Decoding the expression patterns and characterisation of calmodulin and calmodulin-like gene families in watermelon (Citrullus lanatus) under abiotic stresses

Ali Aslam https://orcid.org/0000-0001-7984-4211 A # * , Ruimin Zhang B # , Muhammad Waseem https://orcid.org/0000-0001-7947-7722 C # , Zhang Huang B , Ashir Masroor D , Munazza Kiran E , Temoor Ahmed F G , Muhammad Tayyab H , Rabia Nawaz I , Muhammad Azam J , Muhammad Naveed Babur K , Sher Muhammad https://orcid.org/0000-0002-5235-2193 A , Muhammad Khuram Razzaq A , Zainab Ahmad I , Qinghua Shi B , Ammara Tahir A and Idrees Khan L
+ Author Affiliations
- Author Affiliations

A Faculty of Agriculture and Veterinary Sciences, Superior University, Lahore, Pakistan.

B College of Horticulture Science and Engineering Shandong Agricultural University, Taian, Shandong 271018, China.

C College of Tropical Agriculture and Forestry, Hainan University, Haikou, Hainan, China.

D Sub-Campus Burewala-Vehari, University of Agriculture, Faisalabad 38000, Pakistan.

E Department of Botany, Division of Science & Technology, University of Education, Lahore 54500, Pakistan.

F Department of Life Sciences, Western Caspian University, Baku, Azerbaijan.

G Advanced Research Centre, Department of Plant Biotechnology, Korea Universtiy, Seoul 02481, South Korea.

H Institute of Biotechnology and Genetic Engineering the University of Agriculture Peshawar, KPK, Pakistan.

I Department of Biological Sciences, Superior University, Lahore, Pakistan.

J University of Agriculture Faisalabad, Institute of Horticultural Sciences, Faisalabad, Pakistan.

K Faculty of Allied Health Sciences, Superior University, Lahore, Pakistan.

L Department of Eastern Medicine, Superior University, Lahore, Pakistan.

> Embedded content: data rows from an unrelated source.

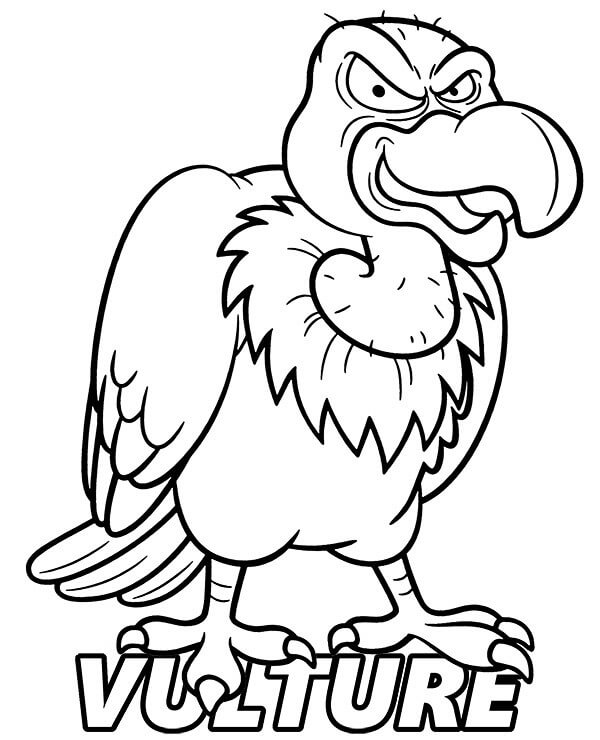 Dibujo de Cndor Enojado para Colorear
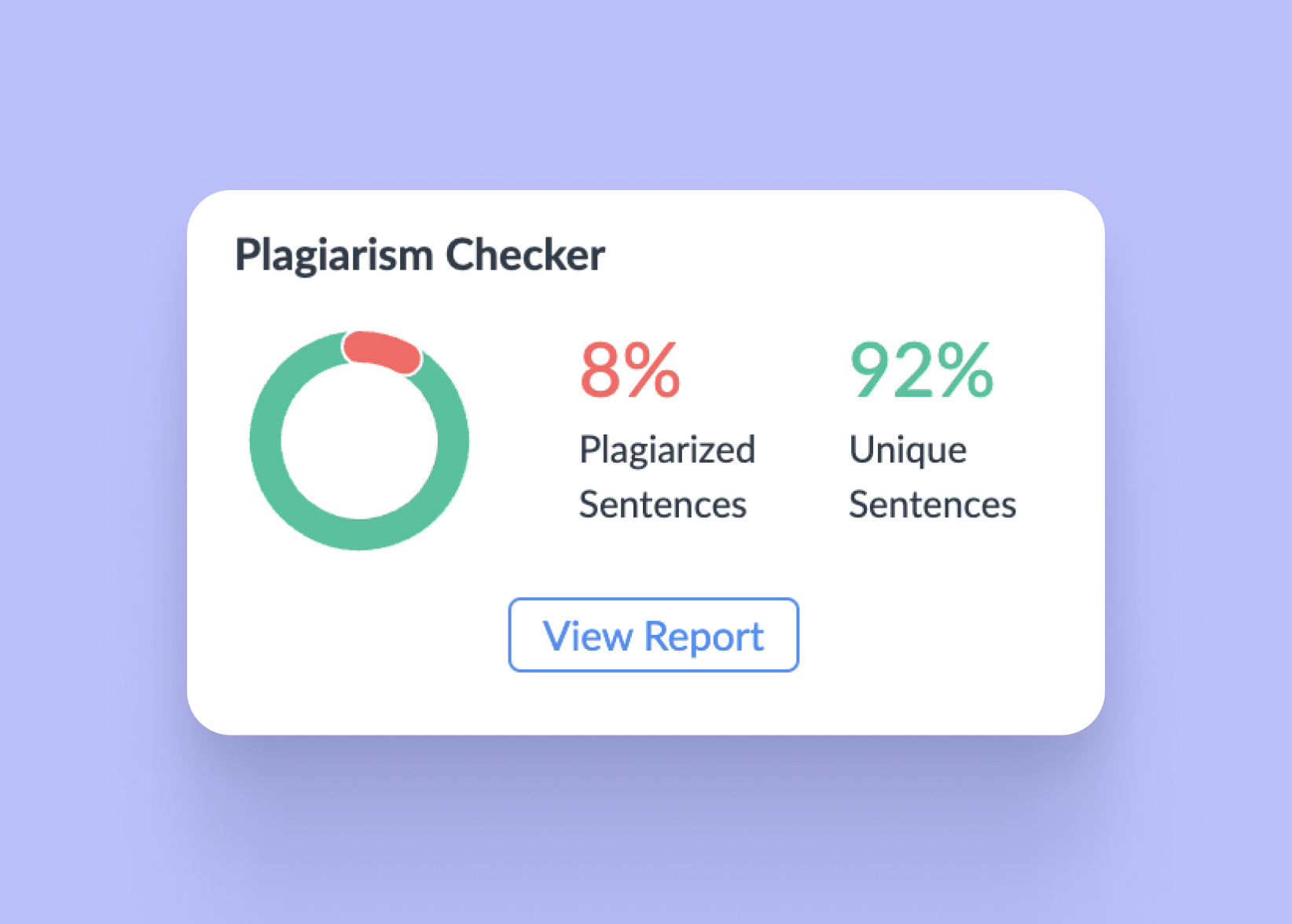 Plagiarism Checker Help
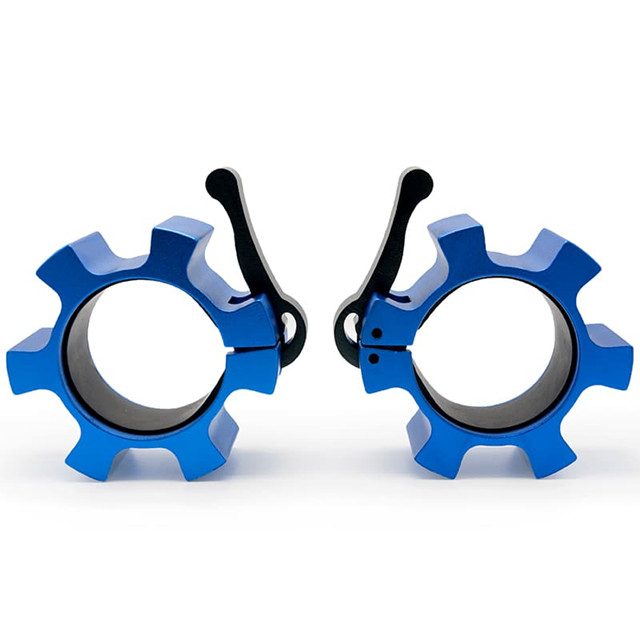 Quick-Release Aluminum Olympic Barbell Collars (Pair)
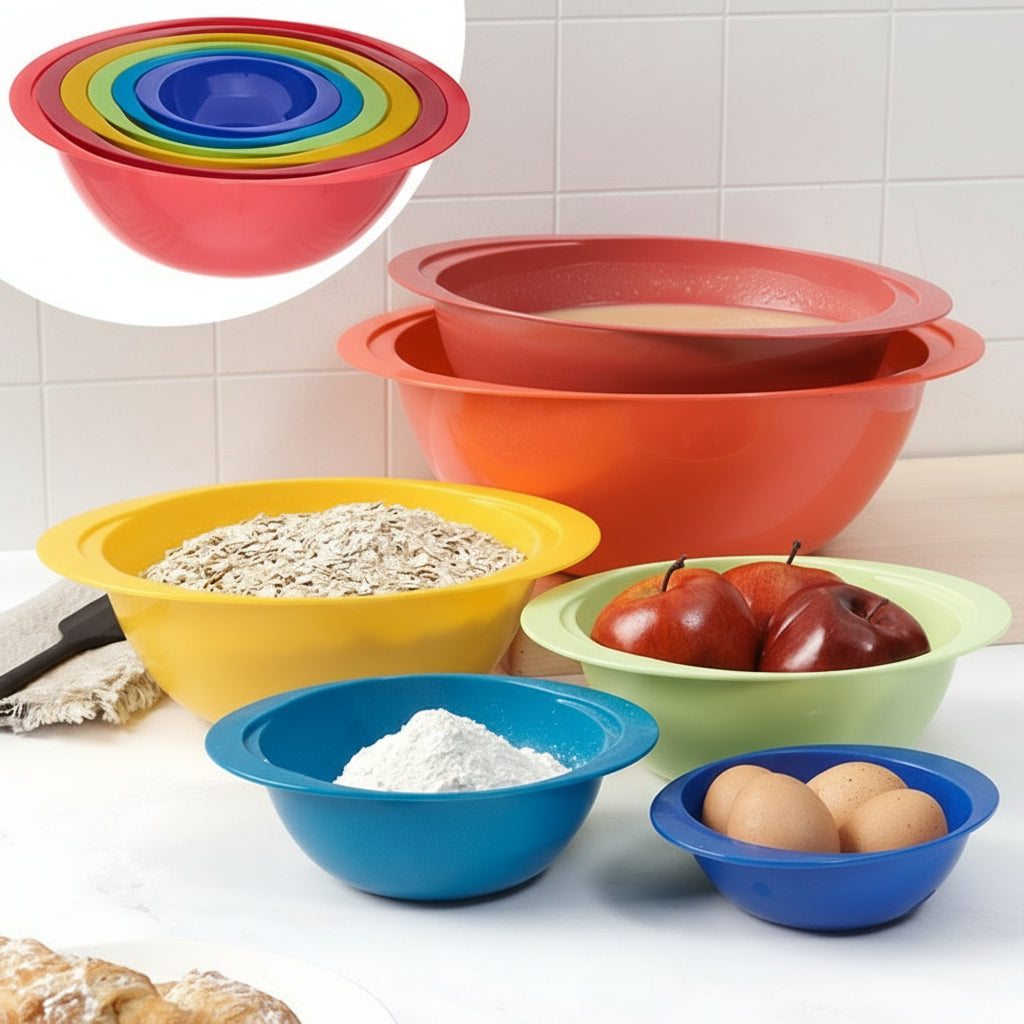Smart Home Mixing Bowls - Set of 6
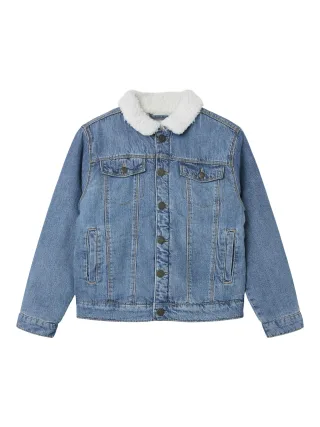 NAME IT - NKMJACK TEDDY DNM JACKET 1101-OV N medium blue denim - Gr. - 152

* Correspondence to: ali.aslam@superior.edu.pk

# These authors contributed equally to this paper

Handling Editor: Sajid Fiaz

Functional Plant Biology 52, FP25023 https://doi.org/10.1071/FP25023
Submitted: 9 February 2025  Accepted: 7 May 2025  Published: 22 May 2025

© 2025 The Author(s) (or their employer(s)). Published by CSIRO Publishing

Abstract

Calmodulin (CaM) and calmodulin-like (CML) gene families are important in combating stress conditions in plants. A total of 36 CaMs/CMLs were identified and found to be randomly dispersed over the 11 chromosomes of Citrullus lanatus (watermelon). Domain analysis verified the presence of characteristic four EF-hand domains in ClCaM proteins and 2–4 EF-hand domains in ClCML proteins. Most of the ClCML genes were intron-less, but all the ClCaM had introns. In the promoter region, 11% of the cis-regulatory elements were identified belonging to abiotic stress. Collinearity analysis suggested that the ClCaM/ClCML gene family expanded due to segmental duplications. Synteny analysis of 36 ClCaM/CML exhibited 31 pairs of collinearity with Arabidopsis thaliana. Twelve miRNAs were predicted to target one ClCaM and eleven ClCML genes. Analysis by real time quantitative PCR indicated all genes expressed under abiotic treatments. Among the analysed genes, ClCML1 is the most highly expressed gene, especially under cold stress, suggesting its strong involvement in stress response mechanisms. ClCML5 and ClCML27 showed consistent upregulation under salt and drought stresses, highlighting their potential roles in the salt and drought tolerance mechanism. These findings will facilitate the subsequent experiments in exploring the calcium signalling channel under stress situations and pave the way for further exploration of molecular mechanisms involved in defenses against cold, drought, and salt stress.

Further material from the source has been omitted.